What holds up — and what doesn't

The core empirical contribution is solid: the dataset is a faithful extension of FinQA with well-defined methodology (four-gram similarity scoring to identify golden chunks, 2,750-character chunks with 20% overlap), and the finding that performance degrades severely with document length is consistent across both retrieval and long-context approaches. The near-doubling of GPT-4 errors on long documents versus short is striking and hard to explain away.

What the paper doesn't fully address is the frontier of 2024-vintage long-context models. The long-context evaluation covers only 400 samples, limited by cost, and does not test Gemini 1.5 Pro (1M-token window) or Claude 3 (200K). The chunking hyperparameters are reasonable but not systematically ablated, and the Summarize-then-Answer multi-call strategy is probably not the best available — IRCoT's interleaved retrieval and StructRAG's structured synthesis both suggest better approaches exist for multi-hop evidence aggregation in long documents.

The finetuned ColBERT hitting HR@3 = 0.55 reveals the deeper problem: retrieval over long financial documents is itself unsolved. Even with a perfect generative model, nearly half of queries would receive an answer built from the wrong passages. The paper surfaces this as the binding constraint but stops short of quantifying how much accuracy recovers when retrieval is made oracle.

Why this matters for finance AI

Multi-year Beancount ledgers don't average 123K words by default, but a decade of transactions with detailed memos easily reaches it, and a finance agent operating over full annual reports faces exactly this regime. The compression from "we cherry-picked the right 700 words" (FinQA) to "here is the full 10-Q" (DocFinQA) represents the gap between a toy benchmark and production reality. DocFinQA makes that gap measurable.
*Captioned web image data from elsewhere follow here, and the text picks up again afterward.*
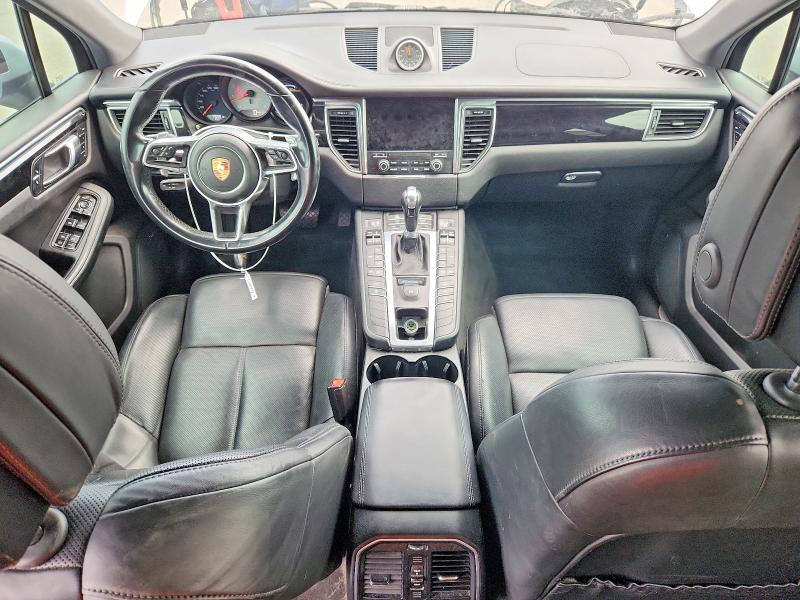 Photo 8 from auction – 2018 PORSCHE MACAN with VIN WP1AB2A52JLB35502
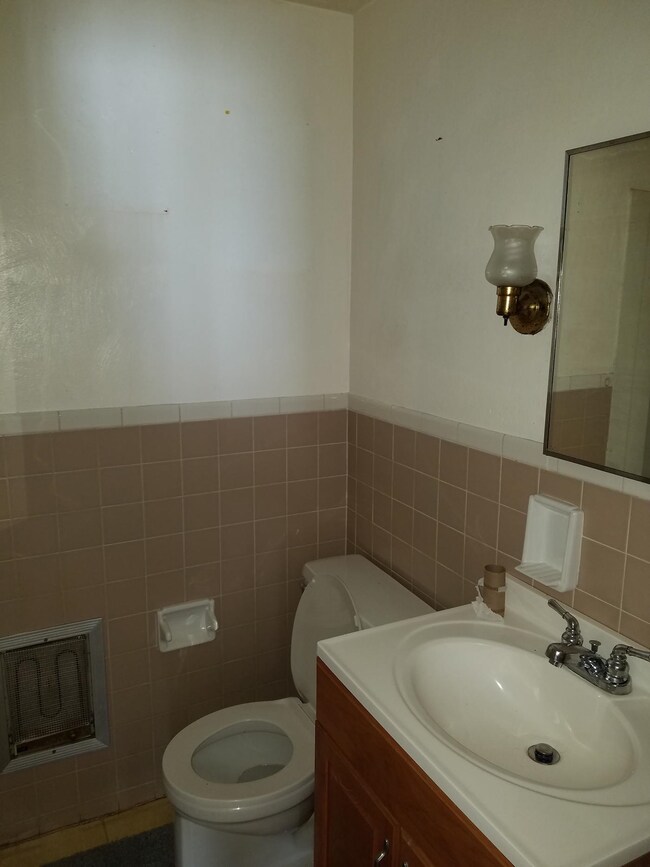 6 Unit in Derry PA in Derry, PA - Building Photo - Building Photo
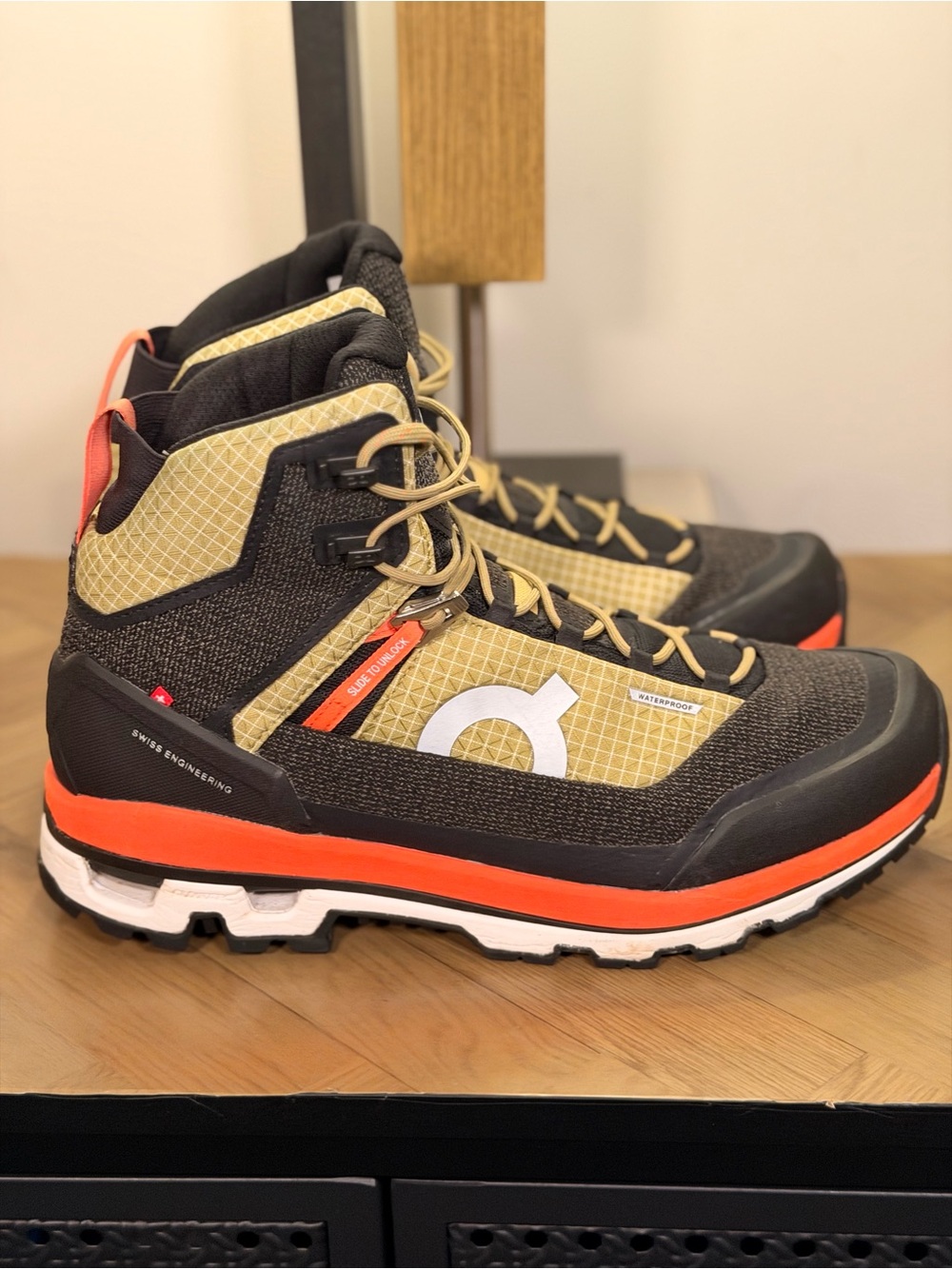 On Waterproof Lace-Up Hiking Boots Ankle Black/Beige/Orange Mens US 9 EU 42.5 - Picture 3 of 7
The near-50% drop in GPT-4 accuracy from short to long documents argues against a simple "just use a bigger context window" response. Retrieval remains necessary but is only 55% reliable at HR@3. For a Beancount write-back agent needing to locate a depreciation schedule buried in a year-old note-to-accounts, neither architecture gives you the reliability you'd want before committing a journal entry. The honest reading of this paper: better retrieval, better evidence aggregation, and explicit evaluation of silent failures — not a larger context window — are what the field actually needs.

  • "Lost in the Middle: How Language Models Use Long Contexts" — Liu et al., 2023, arXiv:2307.03172. Provides the mechanistic explanation for the positional accuracy collapse DocFinQA measures, with the now-canonical U-shaped performance curve.
  • FinDER: Financial Dataset for Question Answering and Evaluating Retrieval-Augmented Generation — arXiv:2504.15800, ICLR 2025 Workshop. A 2025 successor benchmark with 5,703 query-evidence-answer triplets designed around realistic professional financial search queries, including abbreviations and acronyms that standard retrievers miss.
  • Fin-RATE: A Real-world Financial Analytics and Tracking Evaluation Benchmark for LLMs on SEC Filings — arXiv:2602.07294. A newer SEC-filing benchmark that adds temporal tracking tasks beyond single-document QA, closer to what a Beancount audit agent would actually need.